Il existe cependant des initiatives menées entre autres par mon ami le professeur Hasegawa de l’Université de Yokohama, il organise régulièrement des séjours pour ses étudiants en partenariat avec l’université de Corti. Nous avons par ailleurs accueilli une délégation du Comité des Iles Japonaises en mars dernier, ils sont venus étudier le principe de continuité territoriale.

Osaka Castle
Trouve-t-on des produits corses au Japon ?
Je sais qu’un magasin de produits européens de Ginza à Tokyo propose de l’huile d’olive de Balagna, présentée comme un produit de luxe dans des petits flacons, on peut aussi trouver des confitures et, plus surprenant, j’ai même vu de la bière dans une boutique spécialisée située près du Sky Tree.
J’essaie de promouvoir quelques produits mais c’est très difficile dans la mesure où il n’existe pas de réelle infrastructure en Corse œuvrant pour la promotion des produits insulaires sur des marchés aussi éloignés, donc difficiles.

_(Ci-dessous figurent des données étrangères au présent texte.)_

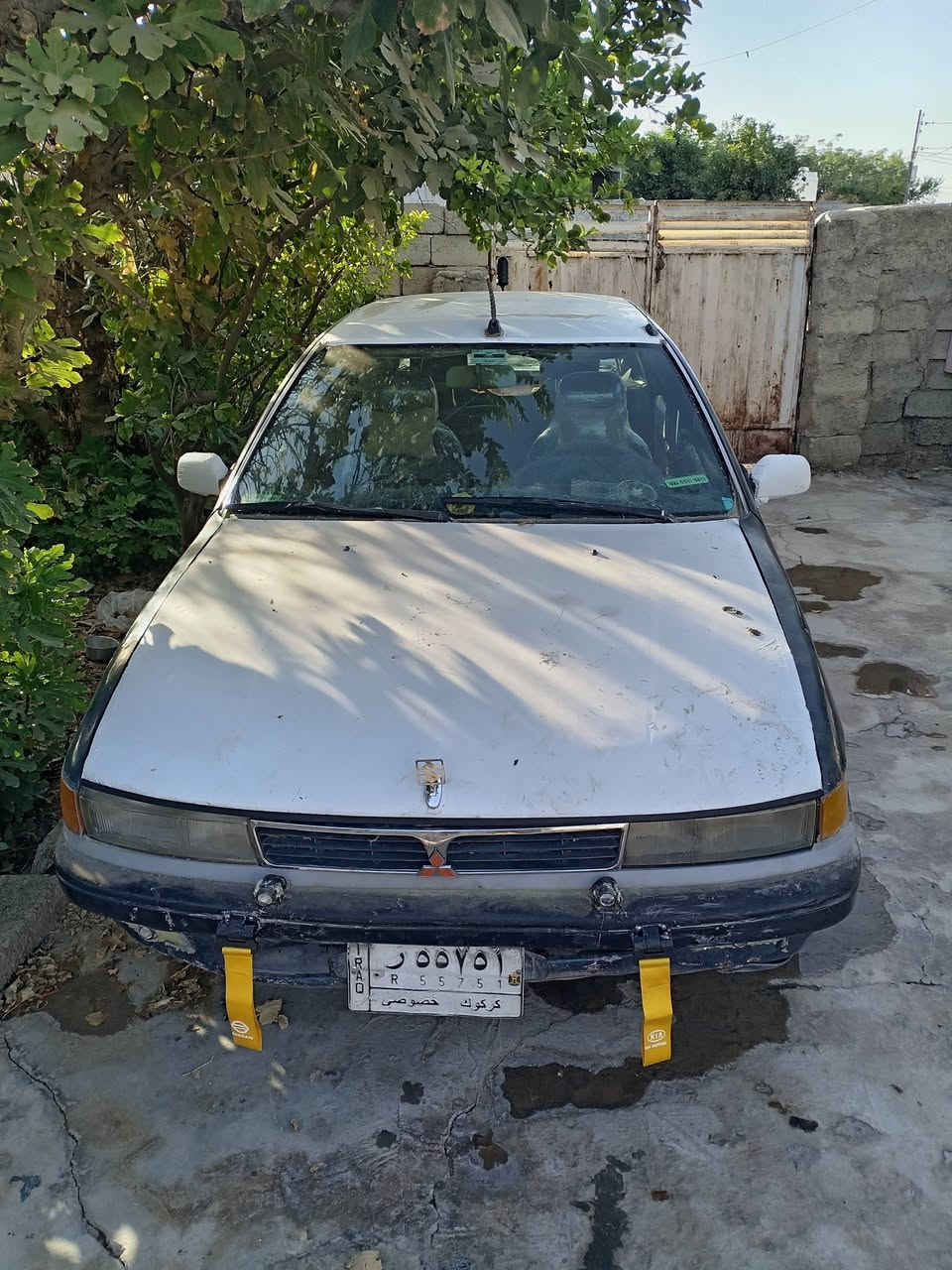 السلام وعليكم مسبوشي لانسر للبيع رقم كركوك سنويه منتهية مشروع وطني سنويه عضم عاج كير عادي سيارة ربع متذب عليها خير من الله مكاني كلار الاستفسار ***********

Il semblerait que les choses évoluent au niveau de la filière viticole, je suis en contact avec le responsable du Comité des Vins de Corse, secteur Asie, il est basé à Hong Kong et semble motivé. Il y a donc de l’espoir même si ça prendra du temps.

De l’huile d’olive de Balagne au coeur de Tokyo
Un conseil à donner à des corses qui voudraient tenter l’aventure au Japon ?

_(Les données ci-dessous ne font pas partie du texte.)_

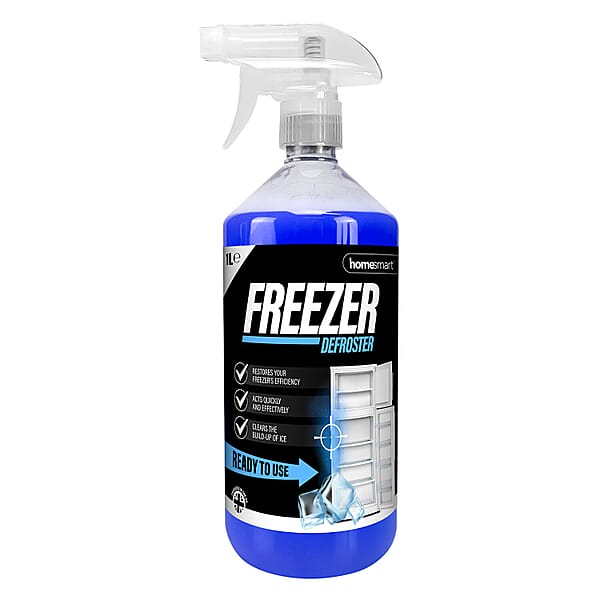 Homesmart Freezer Defroster Spray Nozzle Included 1000ml 7362120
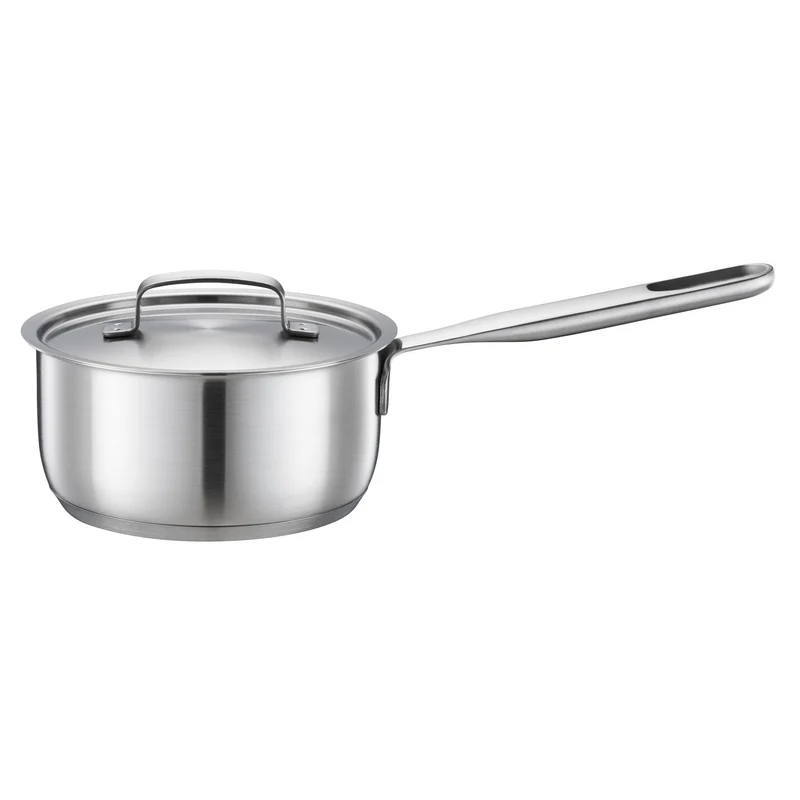 Stieltopf 1,5L "All Steel"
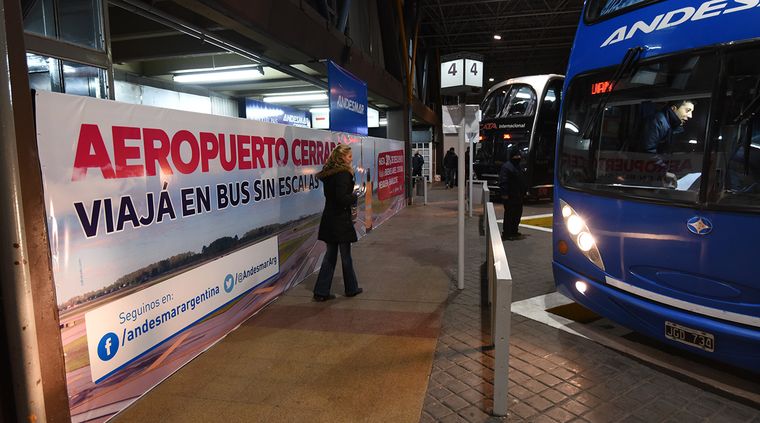 Foto: Pachy Reynoso/MDZ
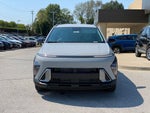 2027 Hyundai Kona SEL Sport FWD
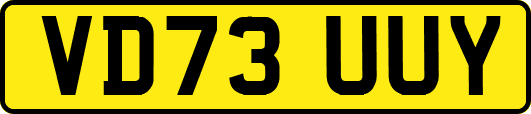 VD73UUY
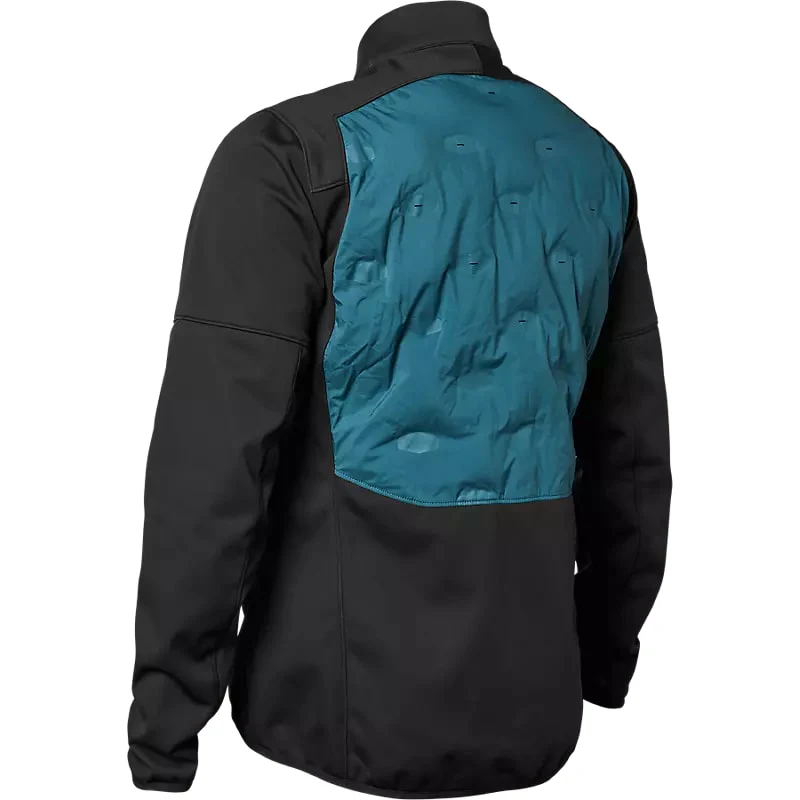 FOX Men's Ranger Windbloc Fire Bike Jacket - Image 2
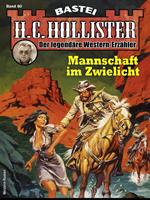   H. C. Hollister 80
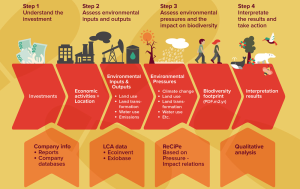 The $44 trillion dollar question - why your portfolio needs biodiversity by Jason Britton, Newday Investments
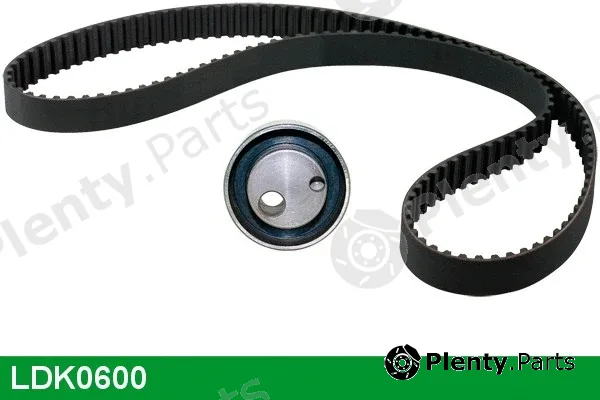 Lucas LDK0600 — Timing Belt Kit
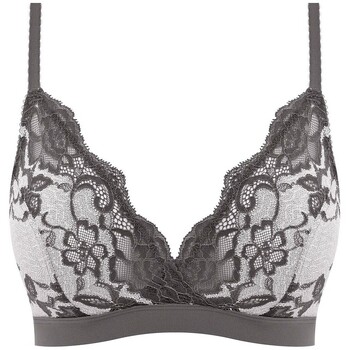 Wacoal Bralettes/zonder beugel  Soutien-gorge sans armatures femme Florilege
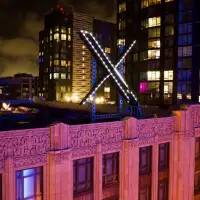 X's new feature raises questions about the foreign origins of some popular US political accounts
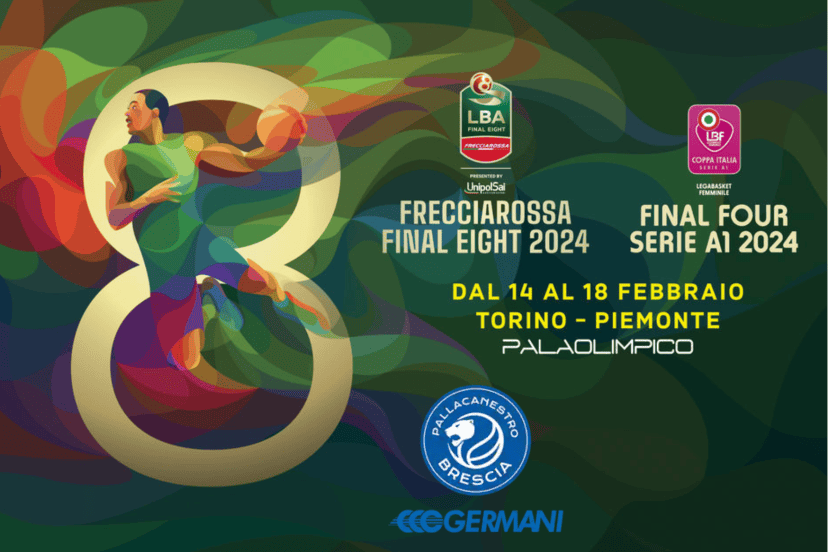Frecciarossa Final Eight 2024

Comme indiqué plus haut le pays se mérite, il faut donc savoir faire preuve de courage et d’abnégation et surtout réfléchir à ce qu’on peut lui apporter. les domaines d’activités où l’on peut dire que les corses sont meilleurs que les japonais étant relativement restreints mieux vaut ne pas rater son coup.
Il n’existe aucune tradition d’immigration ici et plus de 99% des habitants sont japonais, beaucoup des 1% restant sont des asiatiques, Coréens, Chinois, Philippins etc… autant dire que le fait qu’un Corse vienne vivre en partie chez eux est considéré comme quelque chose de vraiment très exotique.
Autre difficulté, et de taille, le peu d’intérêt qu’ils ont pour les langues étrangères, je ne pourrais pas vivre dans ma campagne de Saitama si je n’avais pas quelques notions de japonais, on peut bien sur habiter dans des grandes villes comme Tokyo en ne parlant que l’anglais mais les choses se compliquent vite dès qu’on dépasse les limites de la mégapole.
Pour terminer le niveau de vie est bien entendu plus élevé qu’en Corse, il faut cependant tenir compte du fait que le modèle est beaucoup plus nord américain qu’européen, un ou une jeune corse débarquant directement à Tokyo ou à Osaka aura du mal à trouver ses marques et se sentira moins « encadré » qu’en Europe, chose à savoir.